About
This blog is maintained by Itamar Syn-Hershko (contact: itamar at this domain).
Itamar Syn-Hershko, a software developer writing mostly for .NET but also in Java and C/C++, really likes fiddling with data, texts especially, so he frequently finds himself working on databases or search engines. Or combining both.
Author of open-source projects like HebMorph and NAppUpdate, and an active participant of others (CLucene for example), Itamar strongly believes in the power of open-source projects and the creativity they can bring to the table.

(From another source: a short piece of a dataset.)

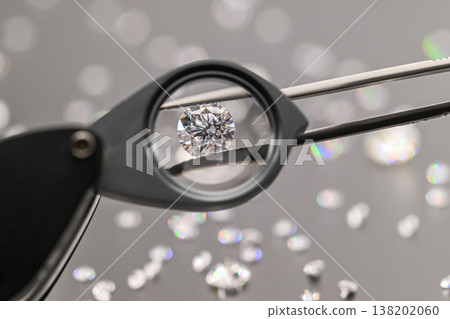 Jeweler examines flawless diamond through magnifying tool Jeweler examines flawless diamond through magnifying tool 138202060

Here you'll find code snippets, ideas, thoughts, and just links I had to dump somewhere. Hopefully any of those will prove useful.
July 17th, 2011 - 13:01
hi
im new with solr
and i would like to use it with hebmorph
is there any good tutorial than i can use ?
July 17th, 2011 - 13:10
Not a tutorial yet, but it should be quite straight forward. Just plug the jar and config the solr instance.
See:
http://lucene.472066.n3.nabble.com/using-HebMorph-td1826534.html
https://sourceforge.net/mailarchive/forum.php?forum_name=hebmorph-thinktank
Recent updates we made should make this process smoother than it was before.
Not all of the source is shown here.